First Christian Church of Rome, Georgia (Disciples of Christ), was a great partner in ministry with the church I pastored for twenty-one years. Our congregations shared common commitments to feed the hungry and care for the poor in our community. For more than a decade we provided the majority of volunteers, while First Christian provided the location for Meals and More, the only take-out feeding ministry in Rome that was directed toward the working poor.
In 2018, I was greatly saddened to hear the remaining members of First Christian had decided to sell their property and disband. I had retired from the pastorate and was serving as the Executive Director on our local community foundation. In that role I approached some members of First Christian about a way for their congregation to have a lasting impact even though they may no longer be a functional church.
Over a period of months, a dozen faithful members determined their values and commitments, explored the effectiveness of local faith-based ministries, and decided on a list of priorities. After receiving the proceeds of the sale of their property, they distributed contributions throughout our county.
Believing their location had long been a place of spiritual influence, they made a contribution to the Spanish-speaking church which purchased their sanctuary. They made sizable distributions to organizations that addressed homelessness, hunger, mental illness, addiction, and abuse. “We closed our doors, but other organizations will flourish from our contributions,” said Jane Slickman, a long-term member.

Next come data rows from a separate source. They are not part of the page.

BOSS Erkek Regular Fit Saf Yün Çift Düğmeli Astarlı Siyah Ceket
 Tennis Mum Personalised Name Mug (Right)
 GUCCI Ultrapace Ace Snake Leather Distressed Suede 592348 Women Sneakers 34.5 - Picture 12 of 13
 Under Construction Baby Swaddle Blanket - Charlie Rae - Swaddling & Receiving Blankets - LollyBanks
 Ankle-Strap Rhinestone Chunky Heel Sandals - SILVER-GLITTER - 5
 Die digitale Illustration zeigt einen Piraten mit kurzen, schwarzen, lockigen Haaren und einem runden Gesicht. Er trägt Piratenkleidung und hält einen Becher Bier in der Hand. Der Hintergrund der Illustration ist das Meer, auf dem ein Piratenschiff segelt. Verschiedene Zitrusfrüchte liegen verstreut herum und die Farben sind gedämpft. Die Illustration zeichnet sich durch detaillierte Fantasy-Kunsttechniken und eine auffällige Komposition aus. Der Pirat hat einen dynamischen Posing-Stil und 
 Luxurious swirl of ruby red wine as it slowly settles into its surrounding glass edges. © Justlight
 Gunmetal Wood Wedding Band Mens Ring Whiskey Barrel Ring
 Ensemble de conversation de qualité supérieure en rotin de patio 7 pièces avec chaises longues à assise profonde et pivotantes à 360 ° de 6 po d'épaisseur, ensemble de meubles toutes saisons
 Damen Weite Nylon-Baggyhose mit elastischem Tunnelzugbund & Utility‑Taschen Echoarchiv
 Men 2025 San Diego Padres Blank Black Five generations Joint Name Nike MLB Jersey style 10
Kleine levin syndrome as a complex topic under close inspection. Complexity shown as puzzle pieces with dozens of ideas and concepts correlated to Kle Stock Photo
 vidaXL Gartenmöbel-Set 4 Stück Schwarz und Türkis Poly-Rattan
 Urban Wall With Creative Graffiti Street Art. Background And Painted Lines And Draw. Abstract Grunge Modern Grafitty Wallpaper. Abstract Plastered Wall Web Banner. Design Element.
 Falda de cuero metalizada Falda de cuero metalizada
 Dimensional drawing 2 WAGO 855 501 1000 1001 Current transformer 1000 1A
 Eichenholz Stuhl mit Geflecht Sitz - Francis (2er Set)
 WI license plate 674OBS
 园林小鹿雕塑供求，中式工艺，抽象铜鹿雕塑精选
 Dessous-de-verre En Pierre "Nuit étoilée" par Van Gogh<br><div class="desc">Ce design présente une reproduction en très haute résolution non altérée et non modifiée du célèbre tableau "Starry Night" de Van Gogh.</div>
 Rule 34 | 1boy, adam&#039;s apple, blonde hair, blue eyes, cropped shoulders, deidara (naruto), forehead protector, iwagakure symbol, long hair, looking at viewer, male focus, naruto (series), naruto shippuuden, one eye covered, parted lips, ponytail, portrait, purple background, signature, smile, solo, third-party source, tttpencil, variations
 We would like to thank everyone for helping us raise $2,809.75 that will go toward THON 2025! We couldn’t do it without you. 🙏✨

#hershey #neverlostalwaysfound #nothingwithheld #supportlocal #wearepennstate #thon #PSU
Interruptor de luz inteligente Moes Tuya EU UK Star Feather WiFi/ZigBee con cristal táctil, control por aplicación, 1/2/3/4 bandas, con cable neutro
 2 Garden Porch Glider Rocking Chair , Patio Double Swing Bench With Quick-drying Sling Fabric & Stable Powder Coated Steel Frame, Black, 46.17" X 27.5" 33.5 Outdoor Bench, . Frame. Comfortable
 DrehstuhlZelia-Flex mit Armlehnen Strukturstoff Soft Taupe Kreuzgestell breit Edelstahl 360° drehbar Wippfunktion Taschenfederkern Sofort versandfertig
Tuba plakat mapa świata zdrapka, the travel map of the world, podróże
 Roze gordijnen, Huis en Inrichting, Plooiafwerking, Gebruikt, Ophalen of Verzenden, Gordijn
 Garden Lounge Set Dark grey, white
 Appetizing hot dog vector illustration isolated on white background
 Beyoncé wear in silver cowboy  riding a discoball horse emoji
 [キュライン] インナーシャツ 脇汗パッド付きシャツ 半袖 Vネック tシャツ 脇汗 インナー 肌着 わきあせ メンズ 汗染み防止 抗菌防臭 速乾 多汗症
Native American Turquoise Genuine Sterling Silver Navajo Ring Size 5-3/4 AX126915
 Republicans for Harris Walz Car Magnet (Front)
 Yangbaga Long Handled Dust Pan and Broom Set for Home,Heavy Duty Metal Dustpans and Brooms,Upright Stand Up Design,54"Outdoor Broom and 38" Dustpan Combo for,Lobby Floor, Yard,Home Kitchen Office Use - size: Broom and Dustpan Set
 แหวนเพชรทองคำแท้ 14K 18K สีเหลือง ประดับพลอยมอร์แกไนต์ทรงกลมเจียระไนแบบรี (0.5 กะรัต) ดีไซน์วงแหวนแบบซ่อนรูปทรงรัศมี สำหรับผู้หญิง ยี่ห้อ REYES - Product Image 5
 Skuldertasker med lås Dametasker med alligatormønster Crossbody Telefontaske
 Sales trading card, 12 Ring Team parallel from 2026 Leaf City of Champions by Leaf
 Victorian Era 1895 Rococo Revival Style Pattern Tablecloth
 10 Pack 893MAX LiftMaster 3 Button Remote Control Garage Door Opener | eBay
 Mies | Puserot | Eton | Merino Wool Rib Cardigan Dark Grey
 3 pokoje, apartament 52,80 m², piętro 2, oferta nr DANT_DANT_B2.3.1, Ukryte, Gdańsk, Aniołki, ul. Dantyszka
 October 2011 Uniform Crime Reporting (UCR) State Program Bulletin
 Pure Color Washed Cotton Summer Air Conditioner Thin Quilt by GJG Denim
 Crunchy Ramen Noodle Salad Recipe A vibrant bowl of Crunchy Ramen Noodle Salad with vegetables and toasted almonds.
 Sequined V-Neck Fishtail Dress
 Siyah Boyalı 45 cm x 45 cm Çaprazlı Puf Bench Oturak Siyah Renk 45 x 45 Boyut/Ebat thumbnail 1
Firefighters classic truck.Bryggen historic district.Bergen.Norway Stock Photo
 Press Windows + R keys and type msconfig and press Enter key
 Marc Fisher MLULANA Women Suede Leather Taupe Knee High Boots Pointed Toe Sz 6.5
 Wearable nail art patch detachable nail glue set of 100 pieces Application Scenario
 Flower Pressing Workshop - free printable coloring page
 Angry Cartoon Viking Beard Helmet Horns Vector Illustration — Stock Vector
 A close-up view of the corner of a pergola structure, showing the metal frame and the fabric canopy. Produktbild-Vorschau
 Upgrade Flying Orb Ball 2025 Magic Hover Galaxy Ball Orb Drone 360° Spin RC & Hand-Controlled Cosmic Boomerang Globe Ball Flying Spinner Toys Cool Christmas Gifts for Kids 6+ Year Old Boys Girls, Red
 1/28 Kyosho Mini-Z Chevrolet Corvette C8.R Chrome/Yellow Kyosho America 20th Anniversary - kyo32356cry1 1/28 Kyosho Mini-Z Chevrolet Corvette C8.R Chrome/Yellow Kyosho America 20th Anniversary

But the members of First Christian Church were not finished. Those who oversaw the end of the church also initiated the First Christian Church Heritage Fund at our foundation. Each year, the foundation’s grant process will distribute a portion of this endowed fund to a faith-based ministry that enriches the spiritual lives of participants, supports diversity and inclusiveness, and furthers social justice. “It’s a reflection of the resurrection,” Slickman told us. “Our ministry will go on in a new way.”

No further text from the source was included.